#### SUPPLIED MATERIAL ####

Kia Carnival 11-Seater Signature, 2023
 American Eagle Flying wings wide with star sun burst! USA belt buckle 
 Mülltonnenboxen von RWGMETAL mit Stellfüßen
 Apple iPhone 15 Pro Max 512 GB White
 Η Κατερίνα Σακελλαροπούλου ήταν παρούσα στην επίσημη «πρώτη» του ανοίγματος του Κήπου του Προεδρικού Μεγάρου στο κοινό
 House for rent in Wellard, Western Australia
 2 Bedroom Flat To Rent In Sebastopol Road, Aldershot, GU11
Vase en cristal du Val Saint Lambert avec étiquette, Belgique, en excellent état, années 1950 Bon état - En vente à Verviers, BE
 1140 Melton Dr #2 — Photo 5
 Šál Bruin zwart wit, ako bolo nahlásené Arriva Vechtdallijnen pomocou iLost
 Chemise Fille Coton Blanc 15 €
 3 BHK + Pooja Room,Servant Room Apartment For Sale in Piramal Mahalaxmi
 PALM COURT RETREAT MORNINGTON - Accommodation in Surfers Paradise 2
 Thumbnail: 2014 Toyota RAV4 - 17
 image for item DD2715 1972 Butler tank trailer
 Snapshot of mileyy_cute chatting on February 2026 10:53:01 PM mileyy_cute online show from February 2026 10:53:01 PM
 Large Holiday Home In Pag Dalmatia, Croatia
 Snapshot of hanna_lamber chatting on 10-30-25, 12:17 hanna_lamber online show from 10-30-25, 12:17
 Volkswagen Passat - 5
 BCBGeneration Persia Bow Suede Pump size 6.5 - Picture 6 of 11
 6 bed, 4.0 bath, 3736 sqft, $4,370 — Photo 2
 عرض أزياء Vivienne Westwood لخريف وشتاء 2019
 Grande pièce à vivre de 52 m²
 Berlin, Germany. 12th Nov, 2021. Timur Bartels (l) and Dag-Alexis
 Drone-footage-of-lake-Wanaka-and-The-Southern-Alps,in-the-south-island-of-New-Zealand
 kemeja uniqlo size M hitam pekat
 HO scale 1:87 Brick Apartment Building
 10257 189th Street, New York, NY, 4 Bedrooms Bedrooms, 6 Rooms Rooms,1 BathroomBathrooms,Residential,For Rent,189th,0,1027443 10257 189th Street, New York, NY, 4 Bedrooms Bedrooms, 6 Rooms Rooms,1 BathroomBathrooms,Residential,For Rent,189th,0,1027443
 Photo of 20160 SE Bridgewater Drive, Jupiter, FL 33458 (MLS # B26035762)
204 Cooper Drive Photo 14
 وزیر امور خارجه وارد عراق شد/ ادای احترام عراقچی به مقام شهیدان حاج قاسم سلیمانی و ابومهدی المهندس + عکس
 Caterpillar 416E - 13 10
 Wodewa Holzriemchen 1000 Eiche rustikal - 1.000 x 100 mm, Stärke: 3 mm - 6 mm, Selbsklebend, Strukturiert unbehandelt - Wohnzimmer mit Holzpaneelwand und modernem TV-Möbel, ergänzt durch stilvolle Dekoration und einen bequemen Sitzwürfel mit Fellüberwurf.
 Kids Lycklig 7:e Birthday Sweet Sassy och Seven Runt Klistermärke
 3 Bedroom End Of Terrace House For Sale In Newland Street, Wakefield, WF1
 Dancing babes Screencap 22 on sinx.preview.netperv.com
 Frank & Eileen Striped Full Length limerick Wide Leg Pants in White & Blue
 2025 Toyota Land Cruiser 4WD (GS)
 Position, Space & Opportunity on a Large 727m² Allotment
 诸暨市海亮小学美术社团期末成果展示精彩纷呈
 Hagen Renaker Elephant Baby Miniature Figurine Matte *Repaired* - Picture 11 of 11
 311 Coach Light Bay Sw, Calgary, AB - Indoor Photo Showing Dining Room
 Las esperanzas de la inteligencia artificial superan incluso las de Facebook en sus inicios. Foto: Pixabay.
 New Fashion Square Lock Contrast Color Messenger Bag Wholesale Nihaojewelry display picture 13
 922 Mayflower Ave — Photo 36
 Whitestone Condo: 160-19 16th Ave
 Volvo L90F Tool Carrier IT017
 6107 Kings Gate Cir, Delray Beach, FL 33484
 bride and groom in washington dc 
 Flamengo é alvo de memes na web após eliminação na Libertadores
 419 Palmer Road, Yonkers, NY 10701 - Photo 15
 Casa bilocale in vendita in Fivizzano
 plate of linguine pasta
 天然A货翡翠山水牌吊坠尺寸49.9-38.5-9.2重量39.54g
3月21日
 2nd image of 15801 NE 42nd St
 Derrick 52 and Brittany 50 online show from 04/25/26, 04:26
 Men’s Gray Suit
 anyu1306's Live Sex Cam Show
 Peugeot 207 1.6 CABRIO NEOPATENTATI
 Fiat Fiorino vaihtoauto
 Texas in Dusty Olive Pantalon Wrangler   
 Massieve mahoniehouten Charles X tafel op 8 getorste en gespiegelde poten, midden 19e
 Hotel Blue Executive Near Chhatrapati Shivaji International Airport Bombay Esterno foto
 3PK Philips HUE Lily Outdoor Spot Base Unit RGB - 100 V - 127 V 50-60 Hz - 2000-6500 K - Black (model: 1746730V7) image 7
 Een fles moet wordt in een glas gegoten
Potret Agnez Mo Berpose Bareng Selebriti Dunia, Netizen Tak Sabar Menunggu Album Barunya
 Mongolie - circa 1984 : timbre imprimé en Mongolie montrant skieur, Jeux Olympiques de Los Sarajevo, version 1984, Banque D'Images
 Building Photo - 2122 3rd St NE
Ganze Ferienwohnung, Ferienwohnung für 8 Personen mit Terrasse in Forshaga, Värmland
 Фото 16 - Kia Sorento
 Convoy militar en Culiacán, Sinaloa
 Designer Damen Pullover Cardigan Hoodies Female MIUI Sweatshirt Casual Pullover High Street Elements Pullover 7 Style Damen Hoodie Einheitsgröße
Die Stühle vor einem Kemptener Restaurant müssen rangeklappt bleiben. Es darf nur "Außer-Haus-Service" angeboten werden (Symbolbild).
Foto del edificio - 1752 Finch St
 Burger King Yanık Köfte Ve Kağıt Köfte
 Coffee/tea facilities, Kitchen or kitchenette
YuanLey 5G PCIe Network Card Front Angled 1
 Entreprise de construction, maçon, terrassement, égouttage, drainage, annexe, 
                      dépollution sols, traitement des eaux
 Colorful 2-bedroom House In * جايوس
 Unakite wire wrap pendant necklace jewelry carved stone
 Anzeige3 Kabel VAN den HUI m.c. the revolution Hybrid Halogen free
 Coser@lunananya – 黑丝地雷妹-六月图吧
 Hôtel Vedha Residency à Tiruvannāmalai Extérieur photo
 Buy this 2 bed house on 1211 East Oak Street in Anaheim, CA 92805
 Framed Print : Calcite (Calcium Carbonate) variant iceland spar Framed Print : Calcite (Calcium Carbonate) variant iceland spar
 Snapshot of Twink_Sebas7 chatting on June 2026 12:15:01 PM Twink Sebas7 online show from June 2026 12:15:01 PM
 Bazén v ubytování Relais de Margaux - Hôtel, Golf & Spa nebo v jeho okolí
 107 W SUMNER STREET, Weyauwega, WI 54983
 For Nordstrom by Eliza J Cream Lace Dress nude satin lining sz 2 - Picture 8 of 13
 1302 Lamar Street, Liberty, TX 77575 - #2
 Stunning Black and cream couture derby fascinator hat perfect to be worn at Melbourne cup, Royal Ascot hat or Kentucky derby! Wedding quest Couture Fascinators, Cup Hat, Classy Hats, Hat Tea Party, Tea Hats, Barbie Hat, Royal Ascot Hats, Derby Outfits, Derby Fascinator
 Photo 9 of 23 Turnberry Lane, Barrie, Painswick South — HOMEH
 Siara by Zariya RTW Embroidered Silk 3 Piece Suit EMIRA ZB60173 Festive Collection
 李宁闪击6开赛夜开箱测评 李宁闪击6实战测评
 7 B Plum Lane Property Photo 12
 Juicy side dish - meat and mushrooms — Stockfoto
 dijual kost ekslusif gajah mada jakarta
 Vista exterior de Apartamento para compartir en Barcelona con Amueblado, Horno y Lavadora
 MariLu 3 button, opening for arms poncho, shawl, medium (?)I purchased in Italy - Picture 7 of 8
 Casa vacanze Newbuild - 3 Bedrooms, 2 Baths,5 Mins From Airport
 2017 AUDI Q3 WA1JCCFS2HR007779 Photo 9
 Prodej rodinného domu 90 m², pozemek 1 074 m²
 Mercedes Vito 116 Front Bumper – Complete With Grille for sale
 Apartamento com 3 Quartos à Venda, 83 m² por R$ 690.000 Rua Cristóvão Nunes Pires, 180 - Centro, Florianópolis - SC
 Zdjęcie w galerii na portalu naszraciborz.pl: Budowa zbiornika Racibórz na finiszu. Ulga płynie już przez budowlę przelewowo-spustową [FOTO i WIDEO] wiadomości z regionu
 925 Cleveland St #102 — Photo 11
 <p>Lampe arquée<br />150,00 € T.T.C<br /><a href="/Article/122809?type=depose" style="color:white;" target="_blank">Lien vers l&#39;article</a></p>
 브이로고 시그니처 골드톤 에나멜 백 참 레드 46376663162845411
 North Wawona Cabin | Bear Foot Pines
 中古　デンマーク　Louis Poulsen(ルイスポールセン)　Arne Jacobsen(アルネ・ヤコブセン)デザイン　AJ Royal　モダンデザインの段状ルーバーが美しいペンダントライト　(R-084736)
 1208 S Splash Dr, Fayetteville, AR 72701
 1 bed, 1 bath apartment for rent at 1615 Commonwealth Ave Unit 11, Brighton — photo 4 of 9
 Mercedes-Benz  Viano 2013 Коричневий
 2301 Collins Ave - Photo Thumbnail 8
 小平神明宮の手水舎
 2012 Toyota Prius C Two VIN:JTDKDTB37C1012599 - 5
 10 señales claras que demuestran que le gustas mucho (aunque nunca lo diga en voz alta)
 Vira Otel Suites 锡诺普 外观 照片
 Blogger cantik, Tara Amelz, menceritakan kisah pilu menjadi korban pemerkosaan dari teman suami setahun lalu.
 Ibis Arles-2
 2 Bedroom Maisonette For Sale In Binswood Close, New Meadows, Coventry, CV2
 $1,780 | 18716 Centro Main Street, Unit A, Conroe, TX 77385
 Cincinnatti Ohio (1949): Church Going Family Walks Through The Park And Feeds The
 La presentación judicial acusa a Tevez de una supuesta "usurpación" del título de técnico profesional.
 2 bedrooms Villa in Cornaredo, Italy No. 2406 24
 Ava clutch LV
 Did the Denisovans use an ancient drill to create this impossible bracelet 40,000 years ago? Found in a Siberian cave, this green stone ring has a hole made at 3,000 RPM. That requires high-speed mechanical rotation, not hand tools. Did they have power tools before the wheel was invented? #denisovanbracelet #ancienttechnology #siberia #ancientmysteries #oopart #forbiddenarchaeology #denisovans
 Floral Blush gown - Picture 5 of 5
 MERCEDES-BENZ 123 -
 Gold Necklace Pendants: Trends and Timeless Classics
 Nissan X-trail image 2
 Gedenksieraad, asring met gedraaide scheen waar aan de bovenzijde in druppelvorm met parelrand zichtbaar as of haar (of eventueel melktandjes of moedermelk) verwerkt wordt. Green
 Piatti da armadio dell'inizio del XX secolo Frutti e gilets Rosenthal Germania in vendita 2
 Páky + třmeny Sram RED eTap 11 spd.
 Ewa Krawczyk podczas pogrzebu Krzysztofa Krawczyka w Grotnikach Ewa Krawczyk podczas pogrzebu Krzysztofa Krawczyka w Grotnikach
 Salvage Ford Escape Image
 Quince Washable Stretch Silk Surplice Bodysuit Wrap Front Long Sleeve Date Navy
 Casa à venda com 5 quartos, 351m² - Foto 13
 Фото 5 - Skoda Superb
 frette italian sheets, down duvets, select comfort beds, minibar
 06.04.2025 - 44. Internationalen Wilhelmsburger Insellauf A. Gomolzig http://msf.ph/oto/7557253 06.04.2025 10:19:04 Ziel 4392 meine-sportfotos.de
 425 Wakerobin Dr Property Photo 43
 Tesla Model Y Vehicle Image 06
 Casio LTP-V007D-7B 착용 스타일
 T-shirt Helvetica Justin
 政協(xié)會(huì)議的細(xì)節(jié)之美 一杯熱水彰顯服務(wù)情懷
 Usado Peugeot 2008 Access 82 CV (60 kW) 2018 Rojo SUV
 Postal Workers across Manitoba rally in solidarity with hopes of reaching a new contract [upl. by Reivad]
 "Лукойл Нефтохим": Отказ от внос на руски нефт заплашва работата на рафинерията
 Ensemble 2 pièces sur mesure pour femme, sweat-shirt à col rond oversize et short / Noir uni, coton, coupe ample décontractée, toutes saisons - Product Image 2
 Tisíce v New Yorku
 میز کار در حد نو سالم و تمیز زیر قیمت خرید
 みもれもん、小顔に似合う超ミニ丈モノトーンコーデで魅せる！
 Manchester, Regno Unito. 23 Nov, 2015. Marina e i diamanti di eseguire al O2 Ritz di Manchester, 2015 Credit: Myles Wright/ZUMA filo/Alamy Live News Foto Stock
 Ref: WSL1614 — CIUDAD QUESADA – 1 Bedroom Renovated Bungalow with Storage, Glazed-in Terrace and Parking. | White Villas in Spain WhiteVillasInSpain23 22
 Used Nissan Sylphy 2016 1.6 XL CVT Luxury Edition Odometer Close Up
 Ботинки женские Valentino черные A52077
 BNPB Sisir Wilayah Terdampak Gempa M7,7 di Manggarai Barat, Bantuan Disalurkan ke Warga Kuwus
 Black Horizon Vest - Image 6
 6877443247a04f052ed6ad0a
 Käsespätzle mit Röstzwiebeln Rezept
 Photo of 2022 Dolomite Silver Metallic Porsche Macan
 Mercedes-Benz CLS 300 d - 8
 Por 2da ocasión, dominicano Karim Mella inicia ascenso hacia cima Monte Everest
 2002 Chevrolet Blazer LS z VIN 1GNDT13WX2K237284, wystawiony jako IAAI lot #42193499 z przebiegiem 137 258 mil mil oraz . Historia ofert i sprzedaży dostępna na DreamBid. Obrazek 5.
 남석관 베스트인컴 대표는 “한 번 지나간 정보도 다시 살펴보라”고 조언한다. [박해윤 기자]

####

▸ PROBLEM
Beginning at the first line of the records, retype exactly every line up to and including the one with "HO scale 1:87 Brick Apartment Building".

▸ TASK RESULT
Kia Carnival 11-Seater Signature, 2023
 American Eagle Flying wings wide with star sun burst! USA belt buckle 
 Mülltonnenboxen von RWGMETAL mit Stellfüßen
 Apple iPhone 15 Pro Max 512 GB White
 Η Κατερίνα Σακελλαροπούλου ήταν παρούσα στην επίσημη «πρώτη» του ανοίγματος του Κήπου του Προεδρικού Μεγάρου στο κοινό
 House for rent in Wellard, Western Australia
 2 Bedroom Flat To Rent In Sebastopol Road, Aldershot, GU11
Vase en cristal du Val Saint Lambert avec étiquette, Belgique, en excellent état, années 1950 Bon état - En vente à Verviers, BE
 1140 Melton Dr #2 — Photo 5
 Šál Bruin zwart wit, ako bolo nahlásené Arriva Vechtdallijnen pomocou iLost
 Chemise Fille Coton Blanc 15 €
 3 BHK + Pooja Room,Servant Room Apartment For Sale in Piramal Mahalaxmi
 PALM COURT RETREAT MORNINGTON - Accommodation in Surfers Paradise 2
 Thumbnail: 2014 Toyota RAV4 - 17
 image for item DD2715 1972 Butler tank trailer
 Snapshot of mileyy_cute chatting on February 2026 10:53:01 PM mileyy_cute online show from February 2026 10:53:01 PM
 Large Holiday Home In Pag Dalmatia, Croatia
 Snapshot of hanna_lamber chatting on 10-30-25, 12:17 hanna_lamber online show from 10-30-25, 12:17
 Volkswagen Passat - 5
 BCBGeneration Persia Bow Suede Pump size 6.5 - Picture 6 of 11
 6 bed, 4.0 bath, 3736 sqft, $4,370 — Photo 2
 عرض أزياء Vivienne Westwood لخريف وشتاء 2019
 Grande pièce à vivre de 52 m²
 Berlin, Germany. 12th Nov, 2021. Timur Bartels (l) and Dag-Alexis
 Drone-footage-of-lake-Wanaka-and-The-Southern-Alps,in-the-south-island-of-New-Zealand
 kemeja uniqlo size M hitam pekat
 HO scale 1:87 Brick Apartment Building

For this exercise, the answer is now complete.